== Segment start ==

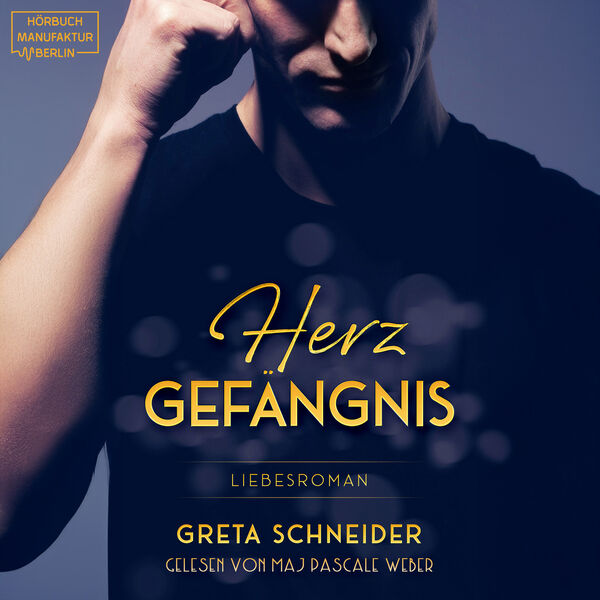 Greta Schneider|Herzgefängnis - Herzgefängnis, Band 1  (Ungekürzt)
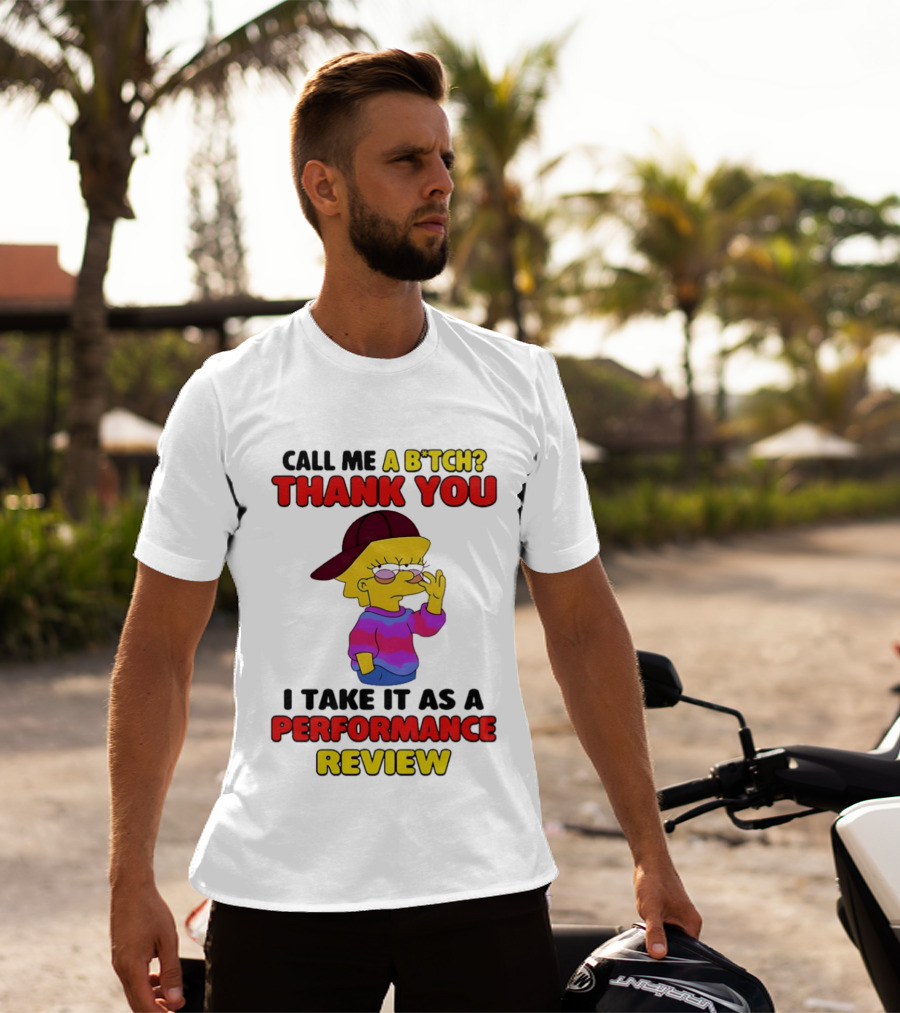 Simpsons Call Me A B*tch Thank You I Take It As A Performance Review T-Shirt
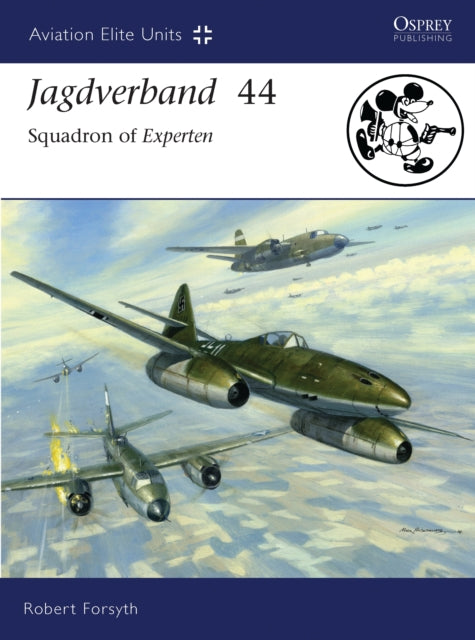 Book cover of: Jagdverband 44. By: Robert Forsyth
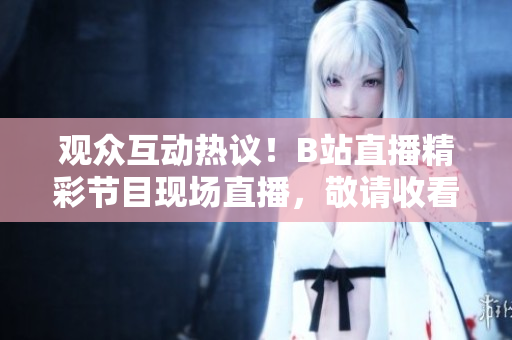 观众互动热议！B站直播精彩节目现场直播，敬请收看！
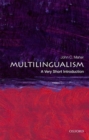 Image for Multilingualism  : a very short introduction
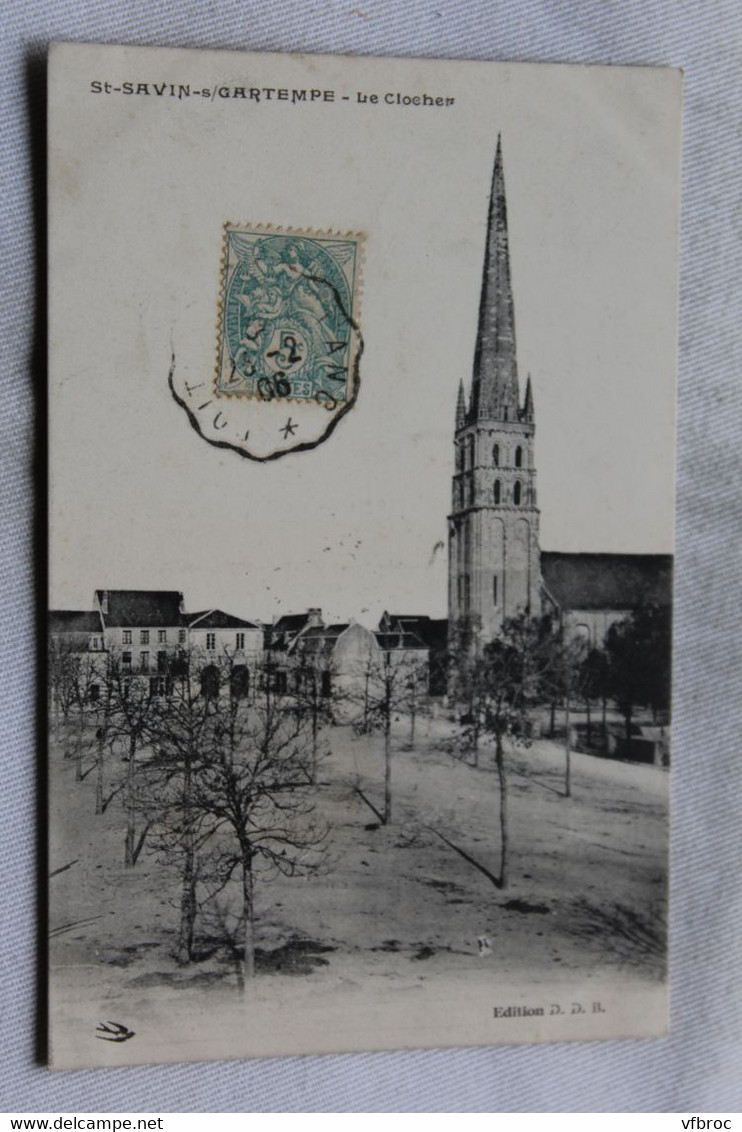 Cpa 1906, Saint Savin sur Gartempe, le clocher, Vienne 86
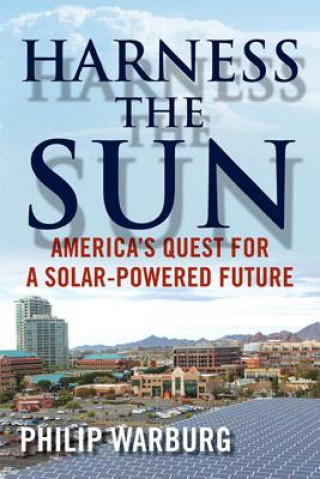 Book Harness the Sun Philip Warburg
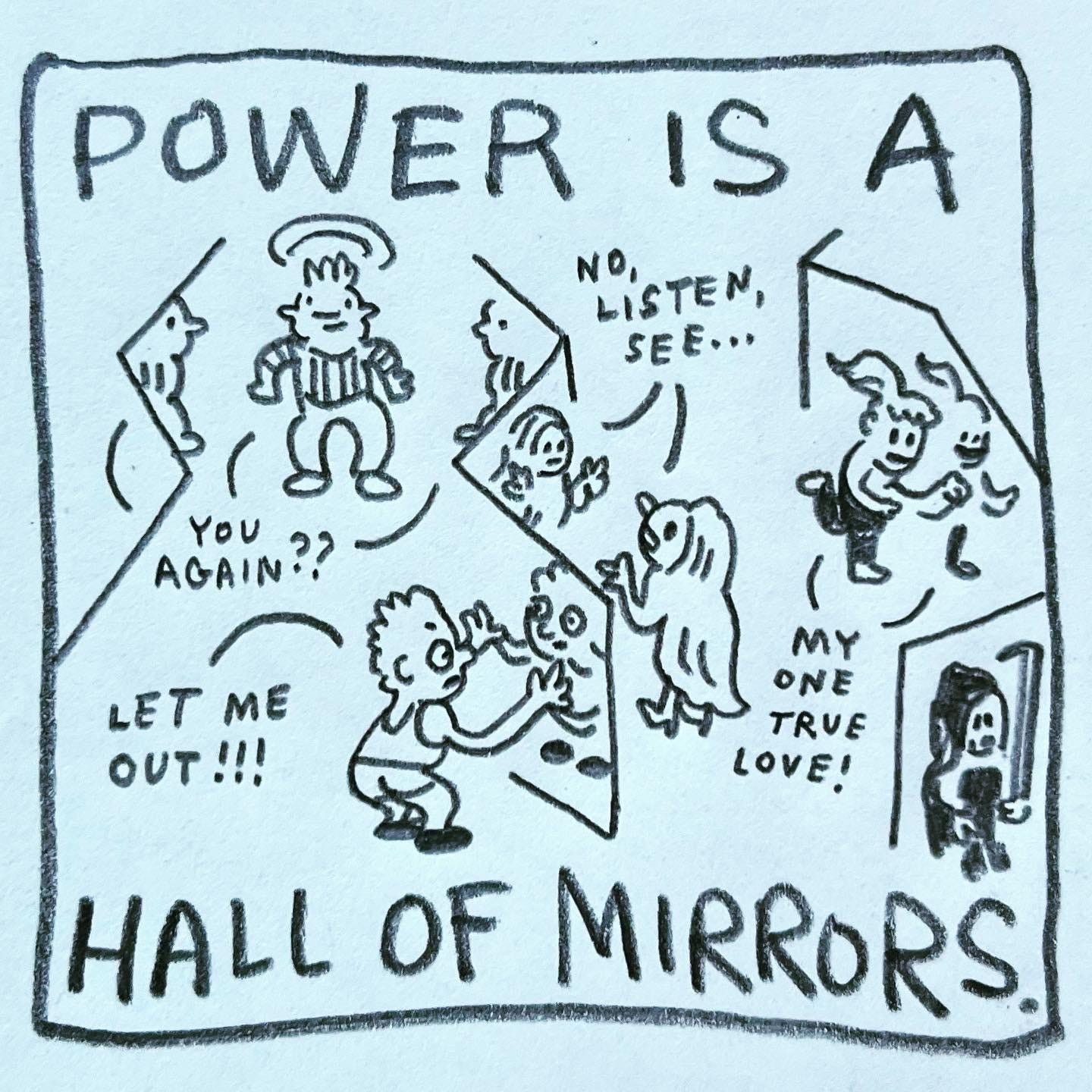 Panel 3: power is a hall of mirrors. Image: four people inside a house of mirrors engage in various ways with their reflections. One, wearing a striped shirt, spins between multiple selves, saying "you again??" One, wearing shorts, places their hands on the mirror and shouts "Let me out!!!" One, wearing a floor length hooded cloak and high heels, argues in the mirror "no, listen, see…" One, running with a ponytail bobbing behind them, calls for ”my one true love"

== Segment end ==

Your assignment – Reproduce the data above exactly, but only the lines from the one showing "观众互动热议！B站直播精彩节目现场直播，敬请收看！" through the one showing "Book Harness the Sun Philip Warburg", with both ends kept and the pictures left out.

Output –
 观众互动热议！B站直播精彩节目现场直播，敬请收看！
 Image for Multilingualism  : a very short introduction
 Cpa 1906, Saint Savin sur Gartempe, le clocher, Vienne 86
 Book Harness the Sun Philip Warburg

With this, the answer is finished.